» Problem:
Set the pictures aside and transcribe exactly the lines from the one containing "The adapters are" through the final line of the records.

Saved data entries:
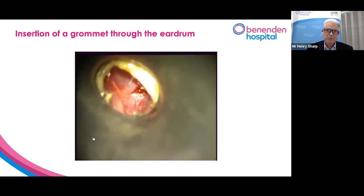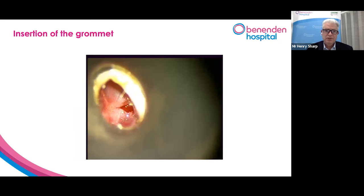So we make the hole and we actually remove the mucus at that same time. And you can see the sort of yellow mucus in the middle ear as it comes out. Then we put in the grommet, which is this tiny little drainage tube. It looks like a tiny little cotton reel with a little hole down the middle.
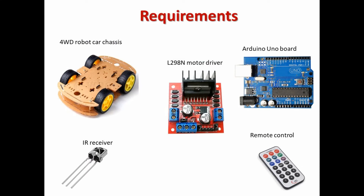Hello everyone, today I would like to demonstrate how to control a four-wheeled robot car using a remote control. These are our major requirements for this project: we need a four-wheeled robot car chassis, which I have already demonstrated how to set up in one of my previous videos. We also need a motor driver to control the four motors that control the wheels of the chassis, and we need an Arduino board.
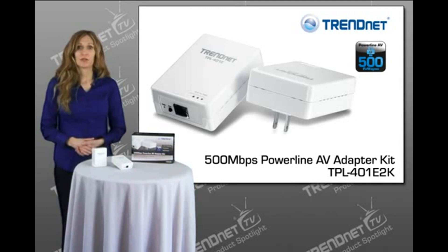The adapters are ideal for use in buildings that interfere with wireless networking signals. The TPL401E2K includes two Trenet TPL401E adapters, which is what you need to start your network.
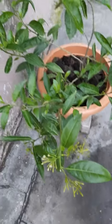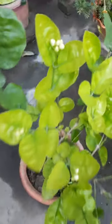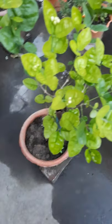And here it's a mogra plant. You can see so many buds — it is a very good result of liquid fertilizer. We can use this material from the kitchen.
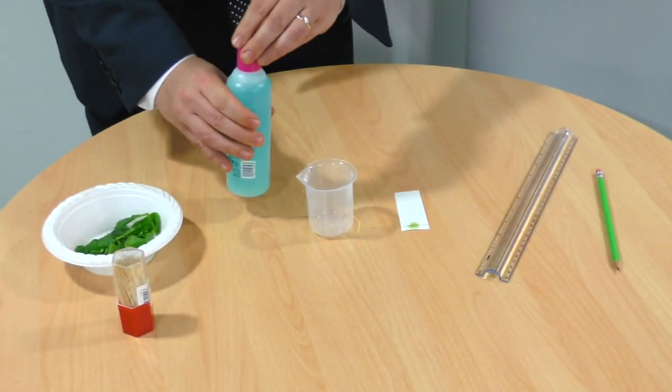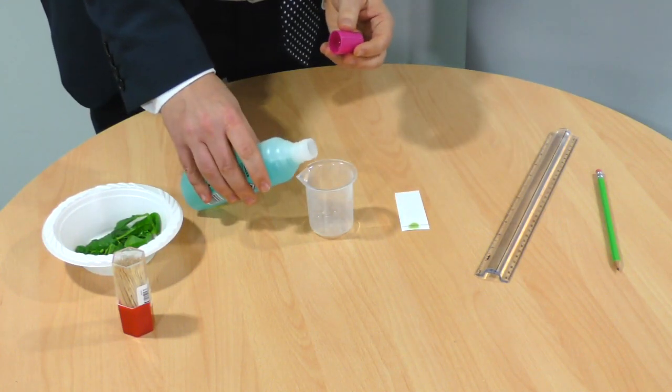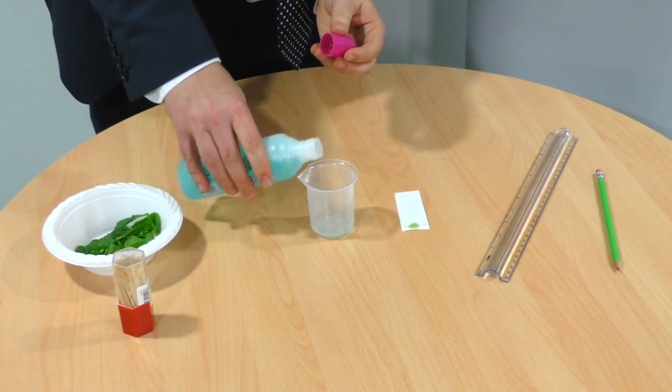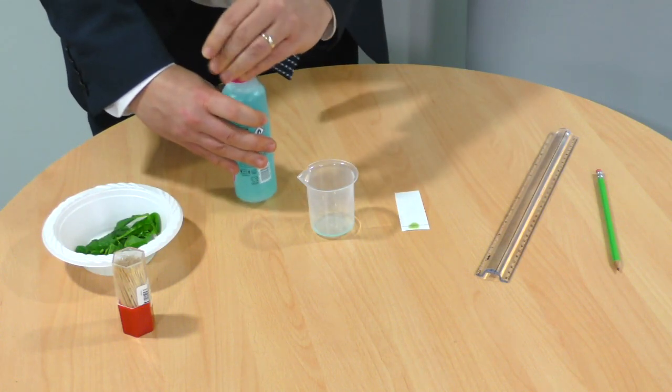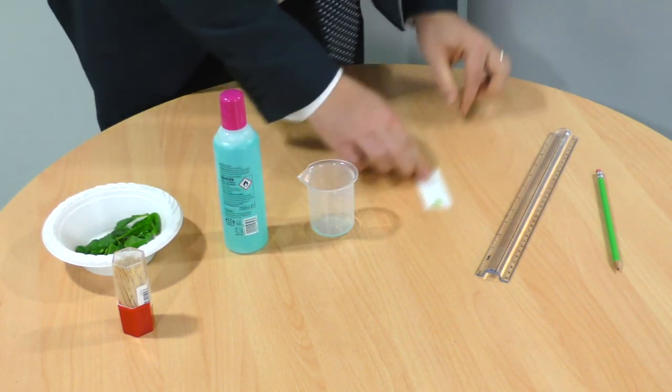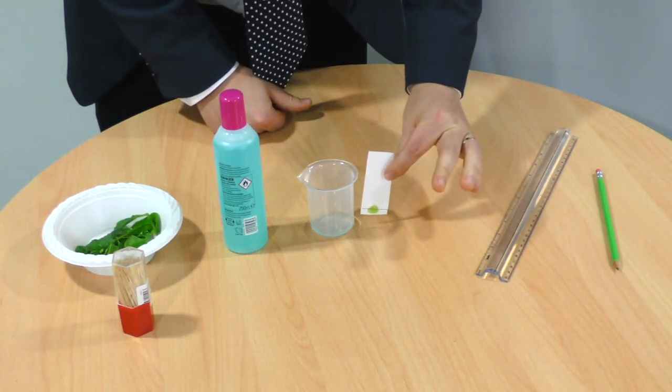For the next stage, carefully pour a small amount of your nail polish remover into a beaker. Then we're going to suspend our filter paper so that it just touches the solvent at the bottom.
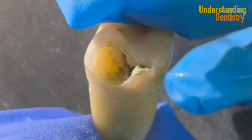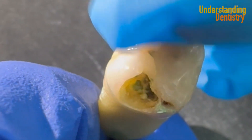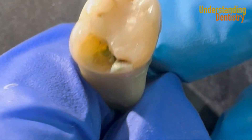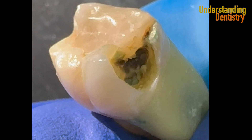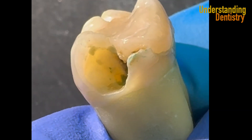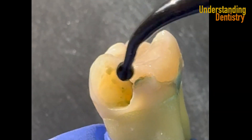Here we are showing the procedure in an extracted tooth. Of course the properties of the dentin are already not the same, but just for you guys to see the procedure in detail. Take a look — there are caries underneath the restoration. You still have part of the restoration and recurrent caries.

» Output below:
The adapters are ideal for use in buildings that interfere with wireless networking signals. The TPL401E2K includes two Trenet TPL401E adapters, which is what you need to start your network.
And here it's a mogra plant. You can see so many buds — it is a very good result of liquid fertilizer. We can use this material from the kitchen.
For the next stage, carefully pour a small amount of your nail polish remover into a beaker. Then we're going to suspend our filter paper so that it just touches the solvent at the bottom.
Here we are showing the procedure in an extracted tooth. Of course the properties of the dentin are already not the same, but just for you guys to see the procedure in detail. Take a look — there are caries underneath the restoration. You still have part of the restoration and recurrent caries.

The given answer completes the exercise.